Hundreds of homeowners along the Gulf Coast are suing insurance companies for refusing to pay for damage that their waterfront properties sustained from Hurricane Katrina. In denying their claims, insurers cited the language of the policies. But attorneys for homeowners argue that many of these claims were improperly denied.
Dr. Wesley McFarland lived in a big, yellow, two-story home right off the water in Bay St. Louis, Miss., for 53 years. Katrina demolished it.
Today, a set of concrete front steps is the only sign of the home that remains. McFarland runs a sprinkler in the hope of getting grass to grow back on his property. He doesn't understand why his insurance company, State Farm, denied his claim.
"I'm certainly frustrated," McFarland says. "But I'm also angry."
Defining Damage from Wind, Not Floods
Since nothing is left on the property, it's hard to say exactly how McFarland's house was swept away. But that's exactly the point. State Farm spokesman Fraser Engerman says much of the damage along the coast was caused by water that came in after the storm.
"We don't cover floods," Engerman says. "If the facts show that the cause of the damage was wind or wind-driven rain, such losses will be generally covered. But if the evidence shows it was due to flood or storm surge, that is clearly not covered in the insurance policy."
McFarland says his house "exploded due the hurricane winds, before the water came." Inside the FEMA trailer that sits on his property, he pulls large photographs out of an envelope that show the aftermath of the storm. The images show trees twisted and blown over in all directions. He says "helter skelter" winds were responsible.

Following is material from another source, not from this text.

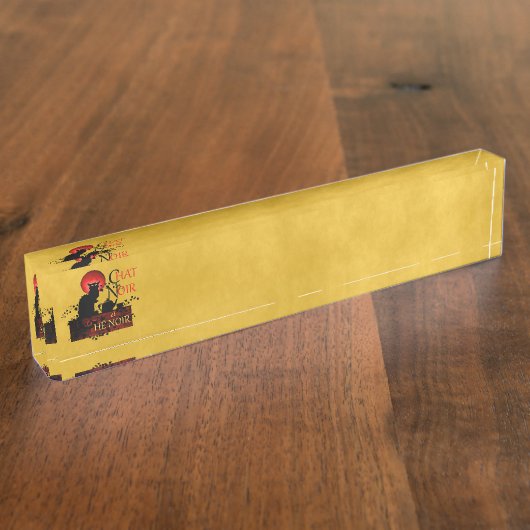 Chat Noir et Thé Noir, Black Cat Black Tea Naambordje (Zijkant)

McFarland's case and five others like it are getting ready to go to trial. They are known as "slab" cases because that's all that's left of their homes -- the foundation.

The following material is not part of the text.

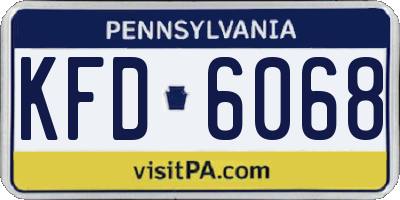 PA license plate KFD6068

McFarland's attorney, Zach Scruggs, says that case law suggests that if wind was responsible for the initial damage to the home, "it doesn't matter what happened after that."

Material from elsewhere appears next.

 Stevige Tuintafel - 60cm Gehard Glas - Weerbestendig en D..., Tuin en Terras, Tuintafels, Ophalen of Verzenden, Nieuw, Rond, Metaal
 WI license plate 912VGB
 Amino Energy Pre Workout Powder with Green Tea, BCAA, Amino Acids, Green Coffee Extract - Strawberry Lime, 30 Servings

"When you have a 120 to 150 mile-per-hour winds beating on your house, for two to three to four hours before the water gets there, and the water is coming by the wind also, then there's coverage," Scruggs says.
Did Insurers Willfully Deny Valid Claims?
Scruggs says State Farm and other insurance companies are operating in bad faith by denying claims without a good reason. In some cases, Scruggs says, insurance companies had two engineering reports done. The first one would have provided coverage but the second one was used to deny payment.
"I think the motivation was for insurance companies to pay as little as possible for as long as possible," Scruggs says.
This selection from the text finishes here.